The opening lecture in the book "American National Pride: Whitman and Dewey" is more important to what the book is about than is the possible picture of Trump. Rorty begins his lecture with the same feeling of discontent I expressed at the outset of this review with two critically well-received novels that had drawn a picture of an irredeemably evil United States employing tropes familiar from many books and from popular and intellectual culture. Rorty criticizes this sort of literature as depriving readers of a sense of hope and purpose in the meaning of America. Hope and purpose and their lack by their nature are for nationals and individuals the product of imagination and myth-making rather than an alleged dispassionate analysis of facts. Rorty wants to find meaning and hope and promise in American life. He looks to the poet Walt Whitman and the philosopher John Dewey as his primary sources with discussions as well of the Progressive early 20th Century writer,Herbert Croly, William James, and ... the German idealist philosopher Hegel. He sees the criticism resulting from an attitude of detachment and disengagement with America that he finds partial and unjustified.
Rorty looks to leftist activism as practiced in America from the late 19th century through the early 1960s as a source of hope. He finds the New Left that became prevalent in the 1960s soon devolved into a broad cultural critique of America rather than an attempt to work to bring about change where change was possible. Rorty finds the basic value of America lies in its secularism which sees creating the good as within the capacity of the people acting for themselves as opposed to responding to clerics or other-worldly religious or philosophical beliefs. The New Left with its opposition to the War in Vietnam and its cultural critiques of America brought back a sense of sin into American life which Rorty deplores. Prior to the late 1960s, the Left had substantive, realizable political aims. More importantly, the Left was ardently patriotic and loved the United States for its promise if not fully for its actuality. This patriotism, together with secularism, are the most fundamental insights in Rorty's book.

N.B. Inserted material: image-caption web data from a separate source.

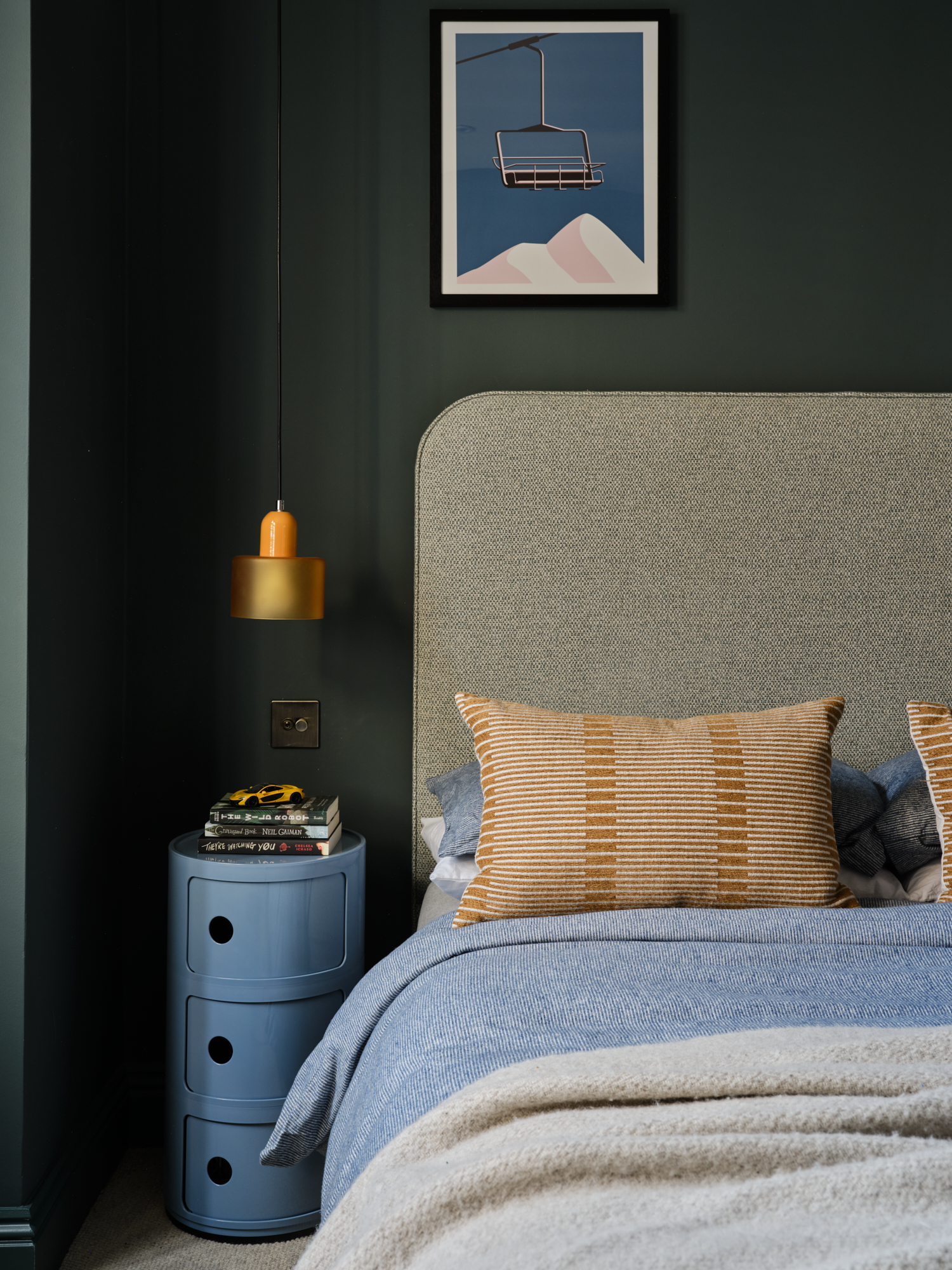 Forest green teenage bedroom bedside with amber pendant light, ski lift print and blue circular side table, interior design St Margarets London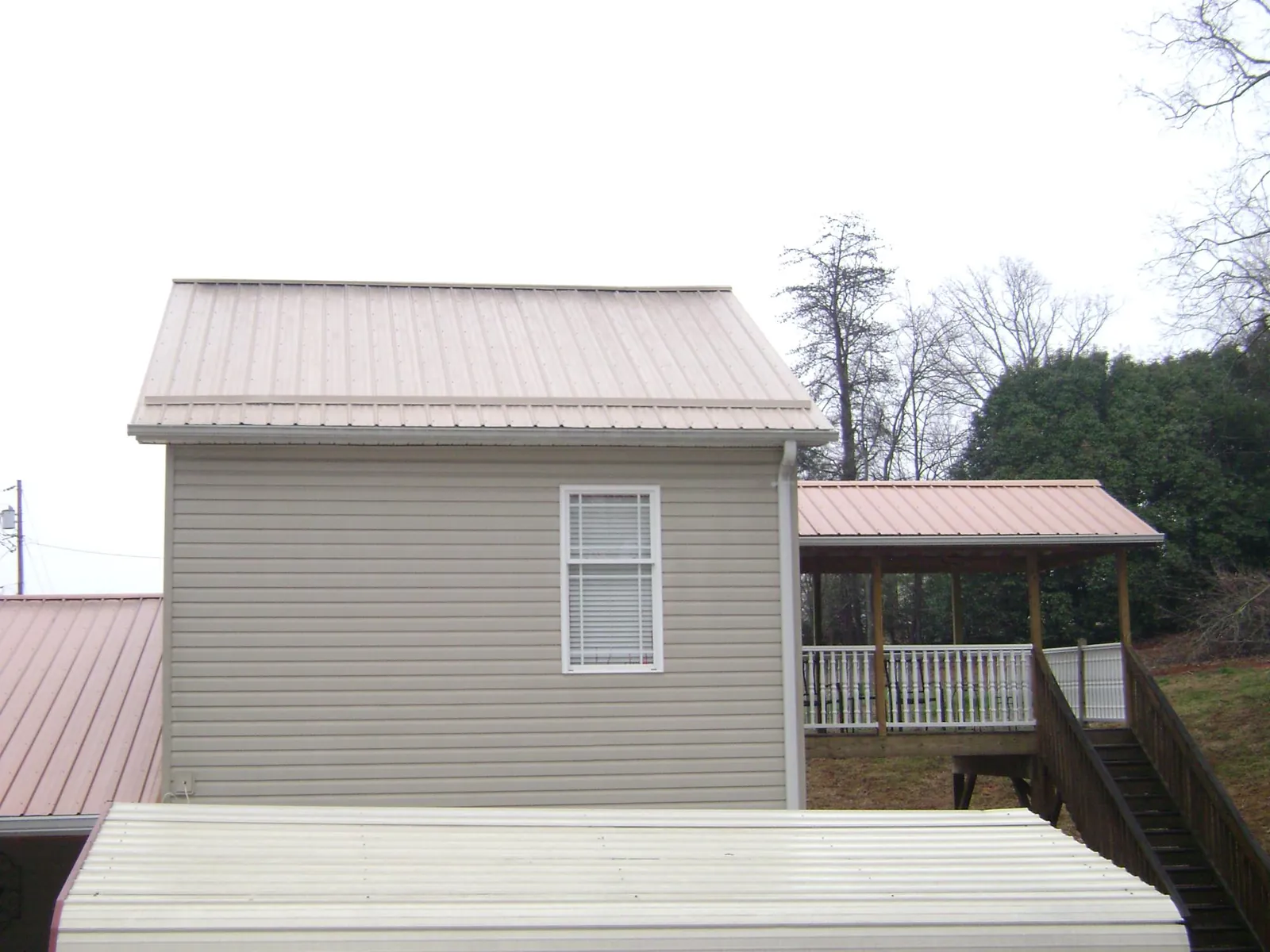 Tan metal roofs on a two story addition and attached porch, from a Roof Replacement job in Harpers Ferry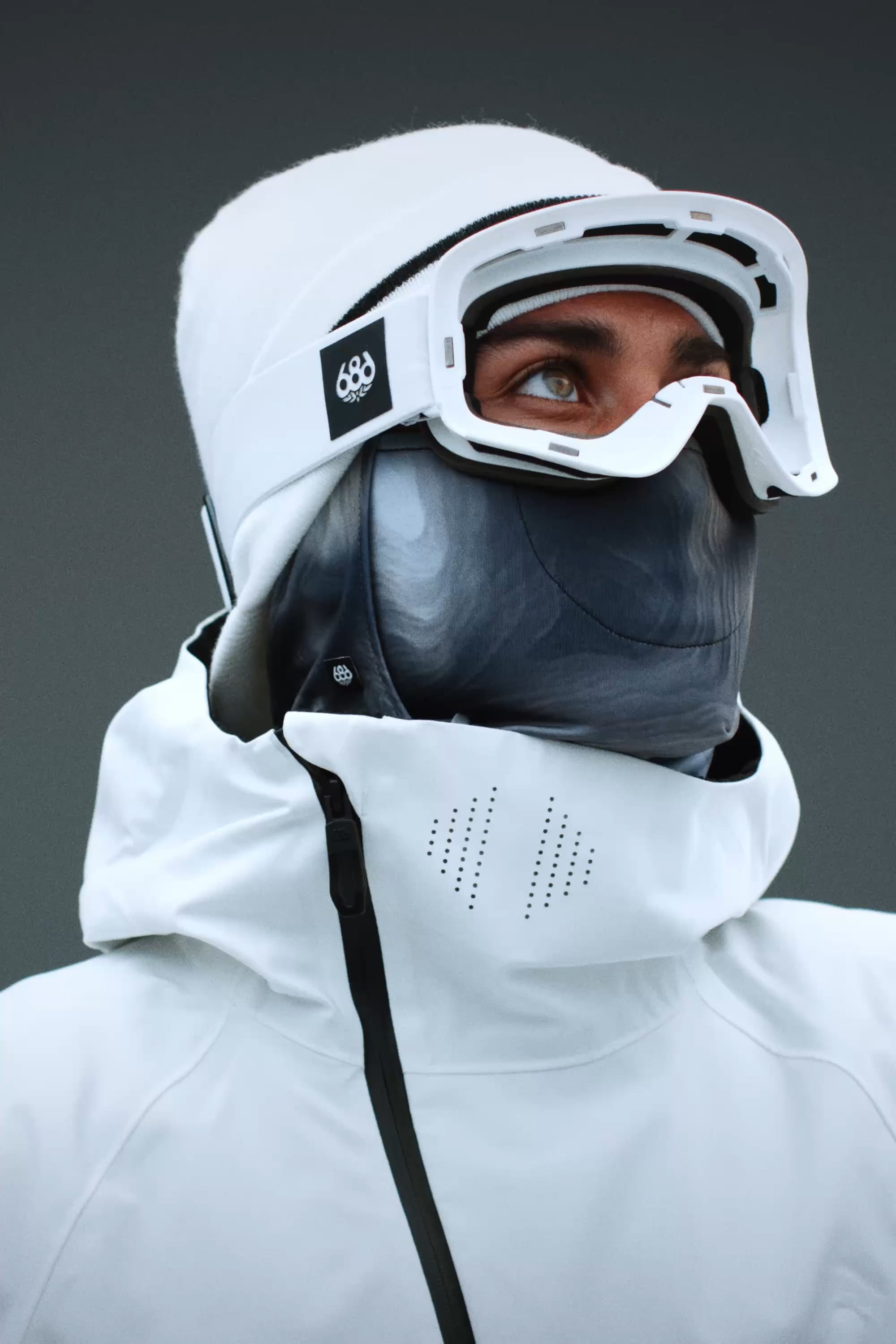 Wearing the 686 SMARTY® Magnetic Goggle by 686, a person dressed in white winter gear with a jacket and face mask looks upward against a plain gray background.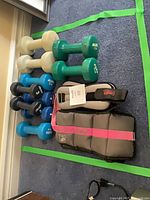Overview of weighted vest, ankle weights and dumbbells within taped area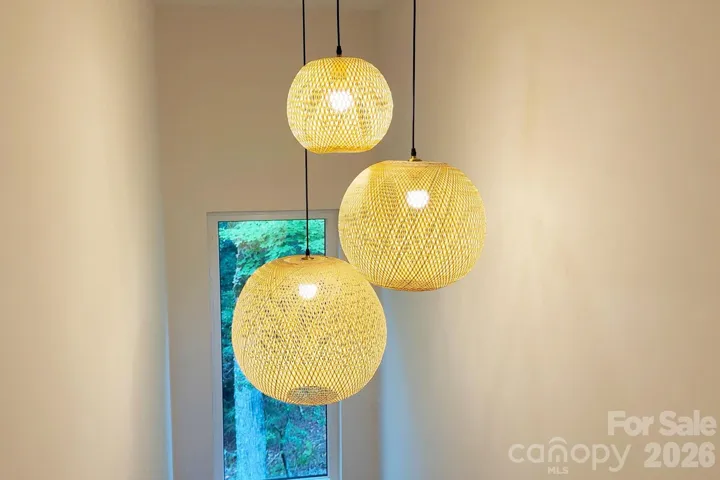 Modern boho pendants illuminate the stairwell with style and warmth.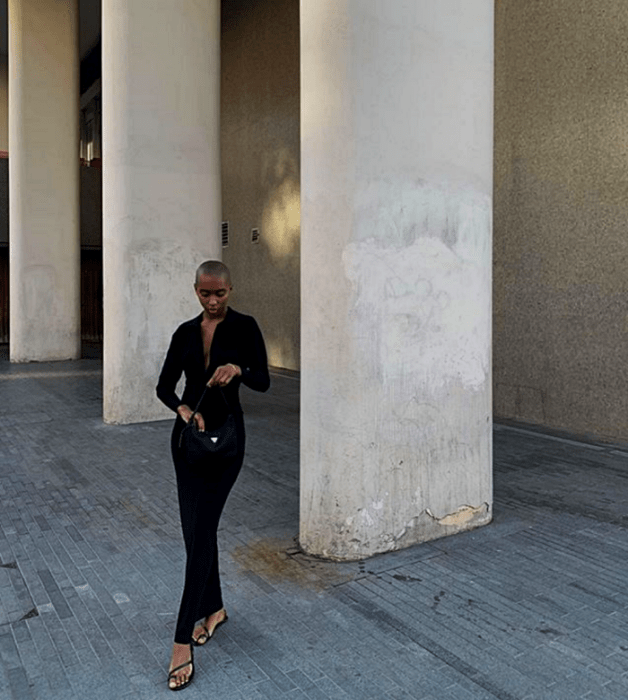 chica morena usando un vestido largo negro con cuello en V y sandalias negras de piso y bolso pequeño negro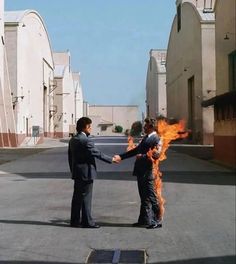 two men in suits shaking hands with fire coming out of the back of their heads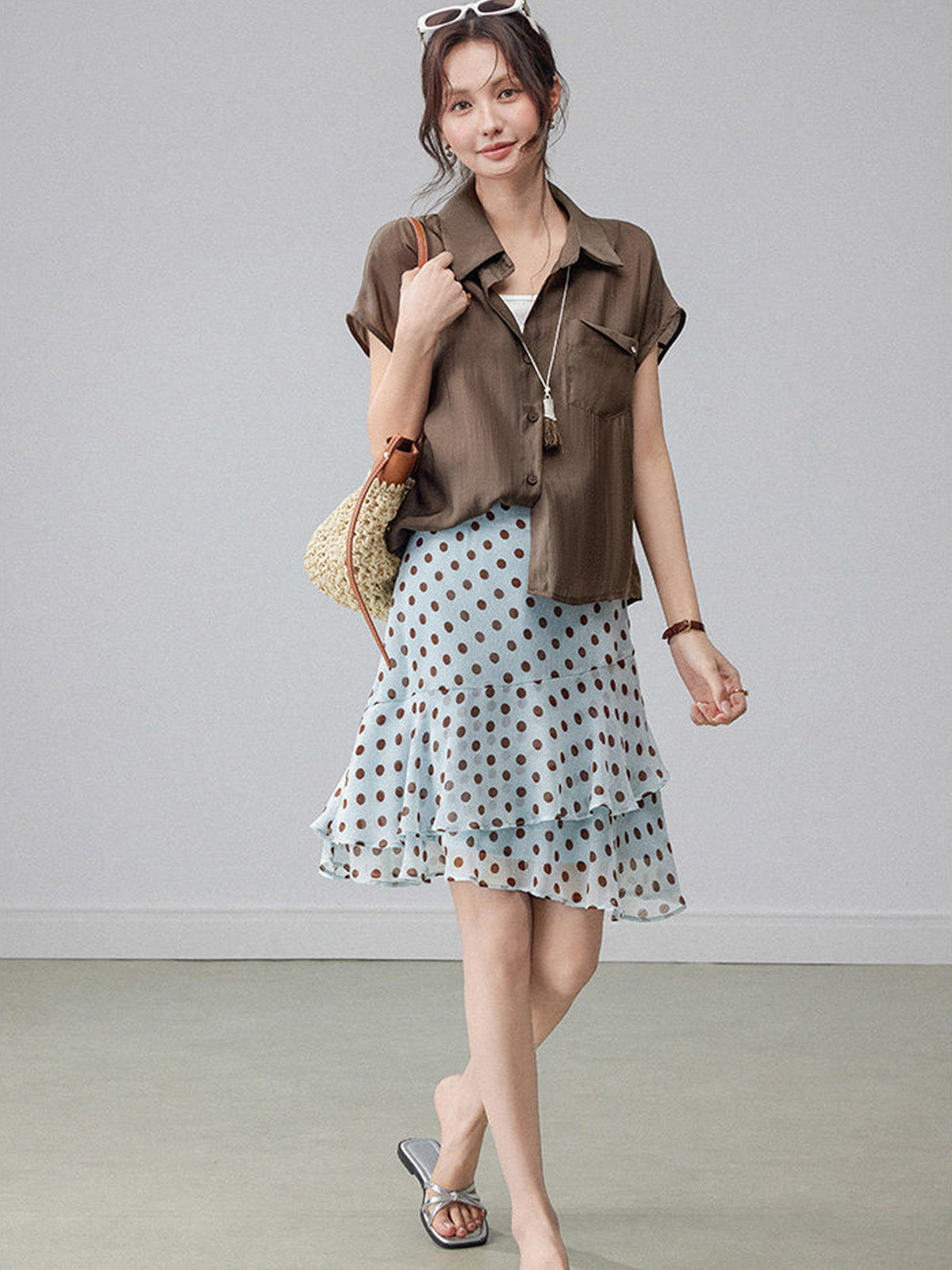 Light blue polka dot A-line skirt with tiered ruffles and high waist.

In the remaining two Massey Lectures Rorty fleshes out his distinction between the New Left and its predecessors. Among other things, the lectures include some moving autobiographical reflections together with a great deal of philosophical, anti-philosophical and cultural writing.
As with so much of Rorty, this book is a mix. Rorty writes as an individual committed to left-with Progressive politics. He is eloquent in support of what he sees the Left has achieved for American life, including the accomplishments of the New Left which he also incisively critiques. Rorty has little use for conservatism of any stripe. I think his book would be stronger if he integrated his insights with some of the insights of people coming at political questions from a non-Leftist perspective. I see no reason why this could not be done.
I love the way Rorty talks about philosophers such as Dewey and James and poets such as Whitman. Rorty has a love-hate relationship with philosophy and metaphysics and many academic philosophers have mixed responses to Rorty. I see Rorty as a philosopher in spite of himself. I admire Rorty for the courage of his secularism, which I largely share. Again, I think his position could be stated with somewhat more openness to sources not fully secular.
This book is not so much an advance criticism of President Trump as it is a warning of how the United States was losing a sense of itself and of confidence in its possibilities and of what Rorty sees as the United States' truly exceptional character -- the first society to be formed as an experiment on a secular model. The book is partial because, even with its critique of the New Left it appears to read out more conservative Americans and that is unnecessary and unjustified. Still in its optimism, sense of meaning, and celebration of Whitman, Dewey, and Lincoln, among others, Rorty's book offers an excellent guide to the spirit of the United States and to the recapturing of something of the American dream and of what Herbert Croly described in his famous Progressive book of 1909 as "The Promise of American Life".
Robin Friedman
Rorty's analysis divides the Left in the United States into two political movements: the Reformist Left of 1900 to 1960, and the Cultural Left of the 1960s to the present. The Reformist Left was one that took a pragmatic approach to correcting the social ills created by the industrial revolution. One that worked within the democratic and capitalist system, that focused on a wide range of economic and social issues, and achieved many important milestones from helping to give women the right to vote to promoting worker rights. The Reformist Left, exemplified in Rorty's mind by John Dewey and Walt Whitman, believed in an America, that despite its flaws, was capable of becoming a more equal society than any that had come before it.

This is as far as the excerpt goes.